となると、問題は魔石の代わりに通信具同士をつなぐもの。
あちらからはこちらに持ち込めても、こちらからあちらには持ち込めない。にも関わらず魔力の触媒となる魔石の代わりになるものがあちらの世界にはないのだ。
散々悩んで、失敗も繰り返した後で思いついたのが双方の世界を混ぜる方法。
正一郎も最初は驚いていたのだが、魔術師であるアズライトには割と馴染んだもので、つまり、二人の血液を混ぜて凝固させたのだ。
血液は生物の生命活動を維持するために不可欠な体液であり、こちらの世界にとっての魔力そのもの。そこに異世界の血液を混ぜればどうなるか……、最適な比率を弾き出すまで1週間以上掛かったものの、二つの世界を行き来できて魔力を込められる石を創り出す事に成功した。
途中から、石を作ると言う目的を忘れて研究そのものを楽しんでいた感は否めないが、結果として成功したのだから問題ない、はずである。
その後、あちらから実験器具を持ち込んだ正一郎がアズライトの血液を調べたいと言い出したのは、ともかくとして。
そんなこんなで、さらに2週間を掛けて血を固めた石――
閉じた扉の隙間を通り抜けられるように、とにかく細く、細く、だけれど強く。
傍で正一郎が見守っていなければ、途中で確実に魔力枯渇、はたまた脱水で倒れていたと断言できるほどの長時間、アズライトは集中し続けた。

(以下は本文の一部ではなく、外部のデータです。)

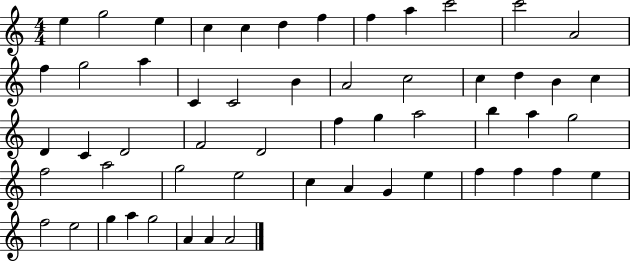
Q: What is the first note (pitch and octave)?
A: E5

扉を閉じても通じるかの実験で、こちらも2度ほど失敗したが、最終的に完成した。
正一郎がこちらの世界にいる間、彼のスマホは彼の世界で、双血石の片割れを組み込んだ魔法陣の中に置かれている。着信があれば、もう一つの片割れを組み込んで作った腕輪が振動して知らせてくれる。その腕輪は、腕時計の代わりに正一郎の手首に巻かれている。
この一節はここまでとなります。